#### [Exercise objective]
Repeat the lines from the one containing "Coronavirus in children" through the end of the listing exactly, both ends included. Do not carry over any pictures.

#### [Supplied material]
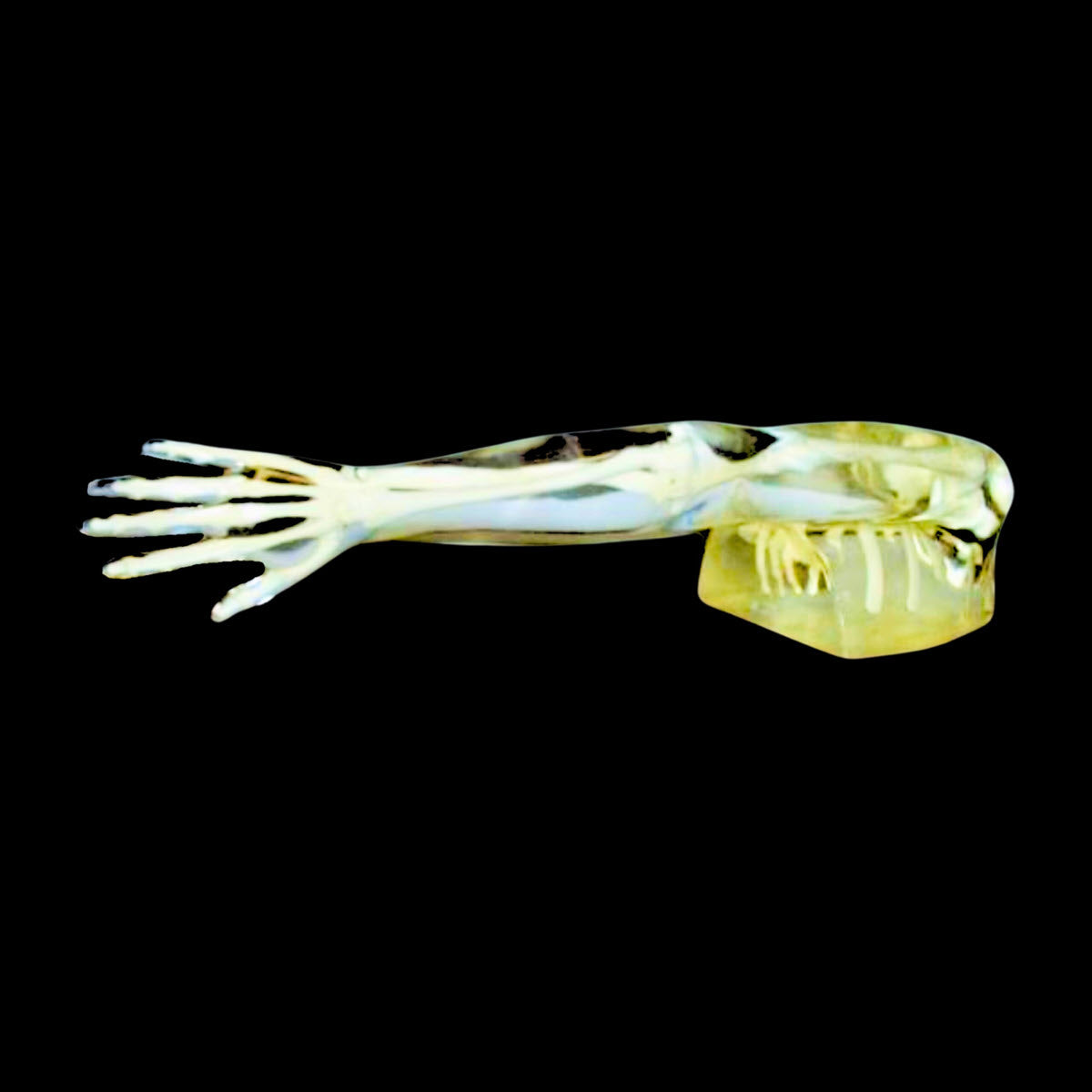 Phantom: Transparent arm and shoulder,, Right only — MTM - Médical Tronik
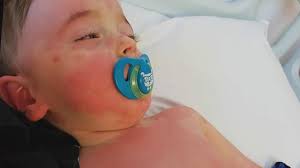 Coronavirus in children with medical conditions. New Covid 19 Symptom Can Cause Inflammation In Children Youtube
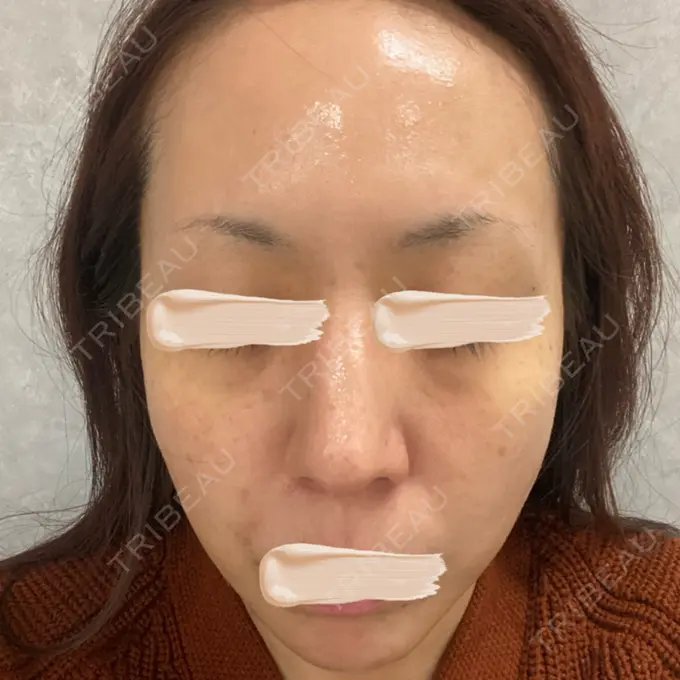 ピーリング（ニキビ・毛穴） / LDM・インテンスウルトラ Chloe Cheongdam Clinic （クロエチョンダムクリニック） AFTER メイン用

#### [Exercise output]
 Coronavirus in children with medical conditions. New Covid 19 Symptom Can Cause Inflammation In Children Youtube
 ピーリング（ニキビ・毛穴） / LDM・インテンスウルトラ Chloe Cheongdam Clinic （クロエチョンダムクリニック） AFTER メイン用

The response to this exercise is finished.